▶ [What is required]: Across the data below, in how many lines does the word "Black" appear? Give only the number.

### Information

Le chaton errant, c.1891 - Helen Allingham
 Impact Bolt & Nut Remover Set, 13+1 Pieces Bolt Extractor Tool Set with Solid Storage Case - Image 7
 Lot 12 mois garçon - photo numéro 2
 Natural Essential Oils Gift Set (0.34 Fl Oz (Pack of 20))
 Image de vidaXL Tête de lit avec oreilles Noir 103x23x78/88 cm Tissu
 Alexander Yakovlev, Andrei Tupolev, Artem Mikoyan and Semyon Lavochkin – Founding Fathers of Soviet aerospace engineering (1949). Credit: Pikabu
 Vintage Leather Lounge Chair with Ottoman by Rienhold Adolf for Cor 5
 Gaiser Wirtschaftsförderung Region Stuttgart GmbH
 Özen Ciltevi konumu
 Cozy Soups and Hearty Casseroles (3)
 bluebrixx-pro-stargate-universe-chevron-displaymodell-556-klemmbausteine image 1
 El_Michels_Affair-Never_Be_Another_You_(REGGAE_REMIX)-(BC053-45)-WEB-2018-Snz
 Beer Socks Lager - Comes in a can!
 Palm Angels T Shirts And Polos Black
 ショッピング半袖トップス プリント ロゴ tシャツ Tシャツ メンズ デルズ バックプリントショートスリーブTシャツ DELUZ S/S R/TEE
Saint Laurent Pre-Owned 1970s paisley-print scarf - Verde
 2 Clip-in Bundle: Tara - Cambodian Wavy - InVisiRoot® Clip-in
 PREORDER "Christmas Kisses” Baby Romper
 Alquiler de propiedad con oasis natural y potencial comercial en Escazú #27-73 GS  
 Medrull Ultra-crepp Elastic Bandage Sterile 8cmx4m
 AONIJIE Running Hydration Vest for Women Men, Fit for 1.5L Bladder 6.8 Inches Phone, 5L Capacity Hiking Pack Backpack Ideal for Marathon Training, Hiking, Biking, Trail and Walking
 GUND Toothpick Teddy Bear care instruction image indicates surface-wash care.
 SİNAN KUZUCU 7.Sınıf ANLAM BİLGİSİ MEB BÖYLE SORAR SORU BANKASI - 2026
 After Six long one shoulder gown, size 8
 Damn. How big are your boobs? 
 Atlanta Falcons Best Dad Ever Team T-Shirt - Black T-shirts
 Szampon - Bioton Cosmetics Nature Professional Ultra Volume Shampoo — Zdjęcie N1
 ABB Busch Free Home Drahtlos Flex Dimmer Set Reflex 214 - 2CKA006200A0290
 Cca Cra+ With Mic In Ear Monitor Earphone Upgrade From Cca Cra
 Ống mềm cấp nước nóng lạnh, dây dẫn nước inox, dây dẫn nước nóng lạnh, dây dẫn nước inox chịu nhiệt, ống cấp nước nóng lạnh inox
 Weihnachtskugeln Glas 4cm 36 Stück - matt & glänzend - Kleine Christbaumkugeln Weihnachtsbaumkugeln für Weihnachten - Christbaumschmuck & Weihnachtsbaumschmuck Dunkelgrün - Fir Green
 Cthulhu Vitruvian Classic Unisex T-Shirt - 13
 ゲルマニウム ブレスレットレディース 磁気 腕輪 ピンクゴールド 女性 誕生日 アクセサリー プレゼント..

######

▶ [Solution to the problem]: 2